In Lecture 4, we looked at predicting an MLB player’s 2015 batting average using their 2014 batting average. We did so by binning the data and looking at the average within each bin. What if we wanted to make the bins infinitesimally small? This brings us to the ideas of correlation and the regression method.
We again load the data (if you don’t have it, you can download it here) and use the
spread
function to separate the 2014 and 2015 batting
averages into separate columns.
load("data/batting_2014_2015.RData")
batting_2014_2015 <-
batting_2014_2015 %>%
spread(yearID, BA) %>%
rename(BA_2014 = `2014`,
BA_2015 = `2015`)
Again we plot the 2014 batting averages against the 2015 batting averages:
g <- ggplot(data = batting_2014_2015) +
geom_point(aes(x = BA_2014, y = BA_2015)) +
labs(x = "2014 Batting Average", y = "2015 Batting Average")
g
We can see a positive trend between the 2014 and 2015 batting averages. How can we quantify the relationship between the 2014 and 2015 data?
The correlation coefficient, r, is one way to summarize the dependence between two seasons with one number. r is a standardized measure of the linear dependence between two variables (usually called \(x\) and \(y\)) and can take values between -1 and +1.
If \(r = 1\), then the points all lie on a line with positive slope. If \(r = -1\), the points all lie on a line with negative slope.
Loosely speaking, we can think of correlation as a measure of how well a line fits our data.

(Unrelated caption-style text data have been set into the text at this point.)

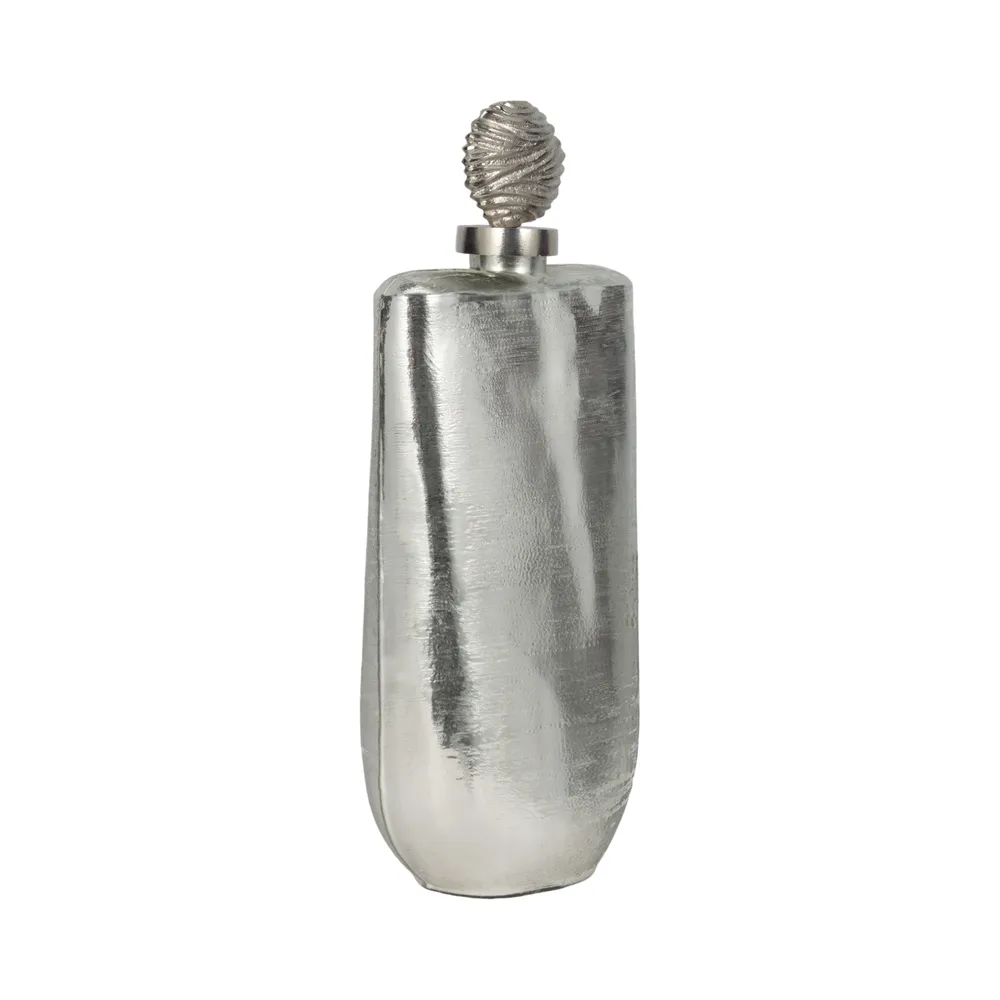 REESERIDGE GOLD JAR 19 (IN)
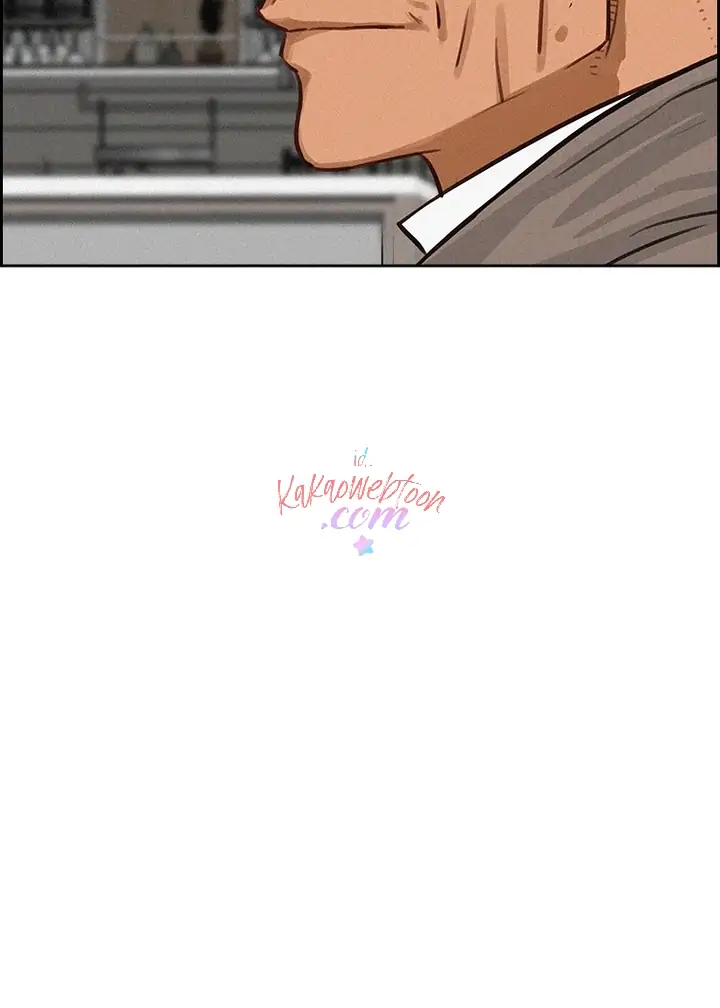 Lord Of Money Chapter 143 Halaman 53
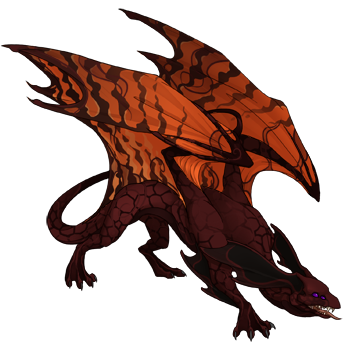 dragon?age=1&body=60&bodygene=12&breed=3&element=7&gender=0&tert=60&tertgene=7&winggene=11&wings=48&auth=91fad6fc3e200f57eb21f842d7f2ff610fda21fd&dummyext=prev.png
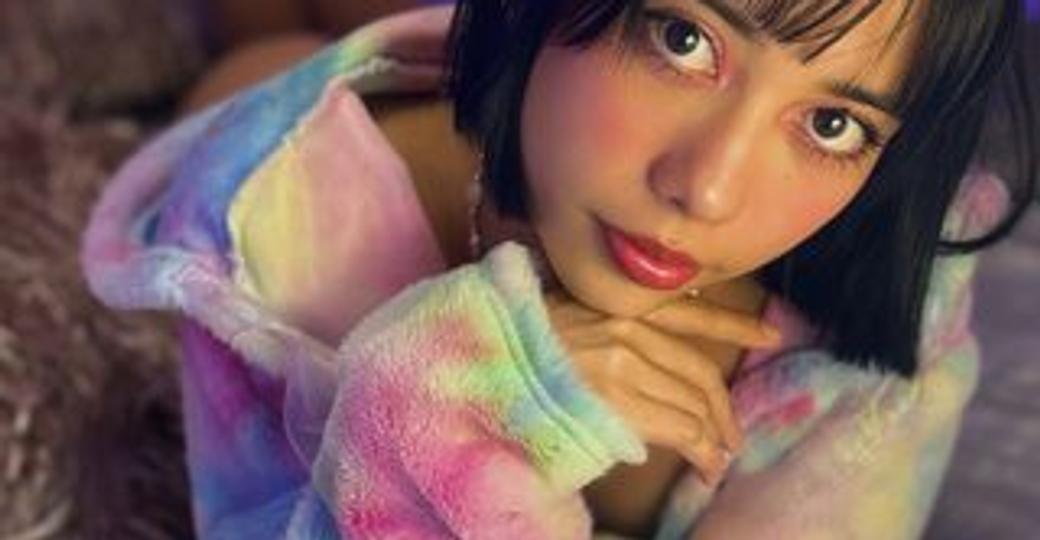 Mitsuri_Tempt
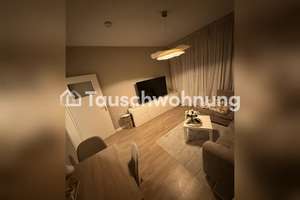Tauschwohnung: Gemütliche 2,5-Zi.-Wohnung in Kiel Gaarden-Süd/Kronsburg – Die vollständige Adresse der Immobilie erhältst du vom Anbieter., 24143 Gaarden-Süd und Kronsburg, Kiel – Vorschaubild 2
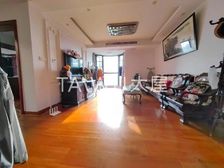 老房东委托爱家亚洲花园(一期) 带电梯 满五 南向采光好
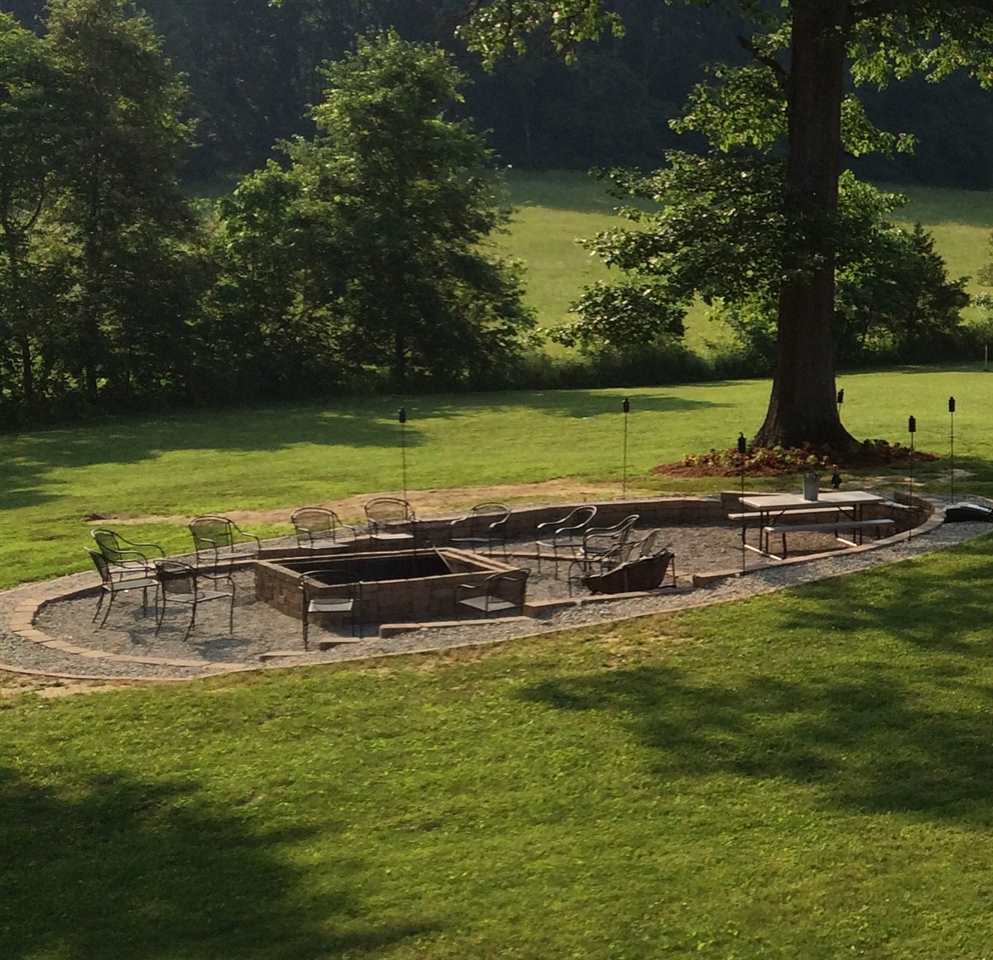 4938 South Owensburg Road Springville, IN 47462 - Photo 4 of 16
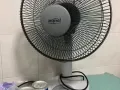 电风扇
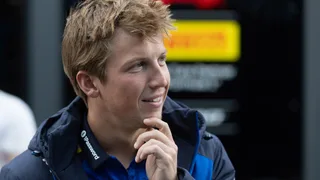 Poor Red Bull comeback could have ended Liam Lawson's F1 career, says former F1 TV pundit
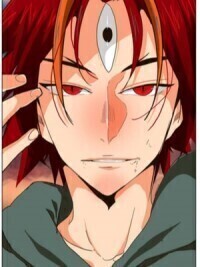 Soul Land 3: Legend Of The Jade Emperor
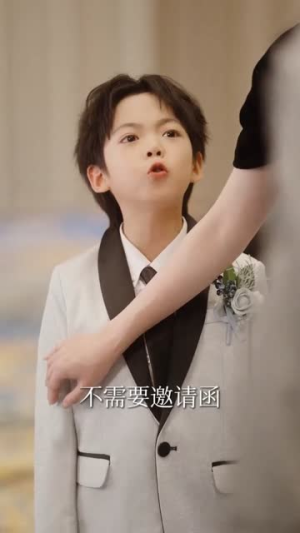 《重生后老妈的小金库绷不住了》（61集）短剧免费看完整版剧情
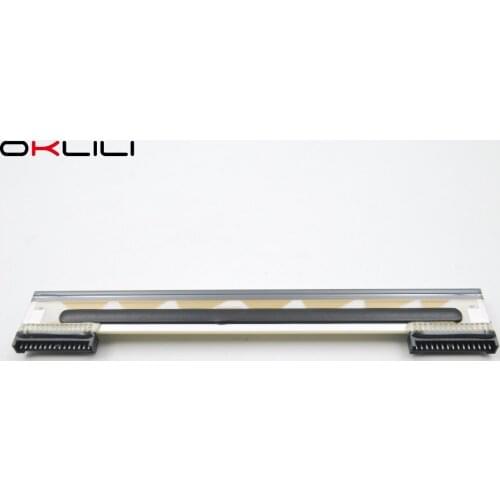 5PCX NEW G105910-048 G105910-053 Thermal PrintHead Print Head for Zebra 2844 TLP2844 TLP2844Z R2844Z LP2844 LP2844Z 888TT GK888T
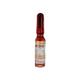 ARCOBAL 12 Injection 1ml - Supplements-Vam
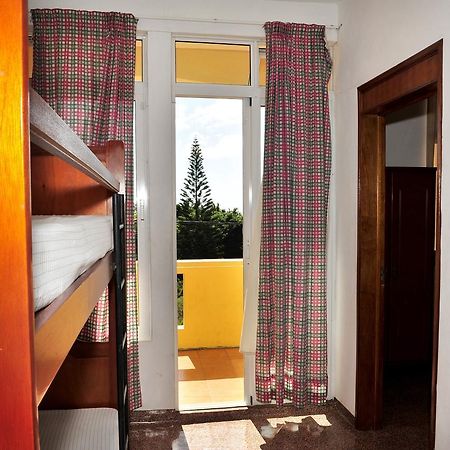 Villa La Corniche Тро-о-Біше Екстер'єр фото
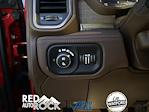 2023 Ram 2500 Crew Cab 4WD Pickup for sale #Q1477 - photo 19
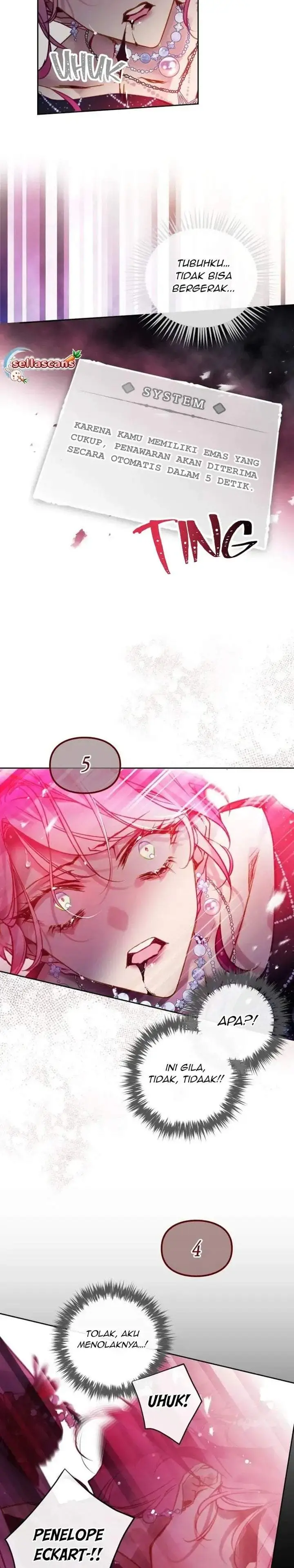 image-komik-villains-are-destined-to-die-chapter-157-13/23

Let’s get some practice!
We can calculate the correlation between two variables in
R
using the function cor()
. Note that
cor()
is a Base R function and does not work with the other
tidyverse functions, so we cannot pipe our data into it. Instead, we
need to specifically point to each variable within the dataset, using
the dollar sign symbol we’ve seen a couple times before:
our_dataset$our_variable
. This is equivalent to the
tidyverse notation for doing
our_dataset %>% select(our_variable)
.
The correlation between the 2014 and 2015 batting averages is:
## [1] 0.4928799
We have a moderate amount of correlation between 2014 and 2015 batting averages, but there is still a lot of noise.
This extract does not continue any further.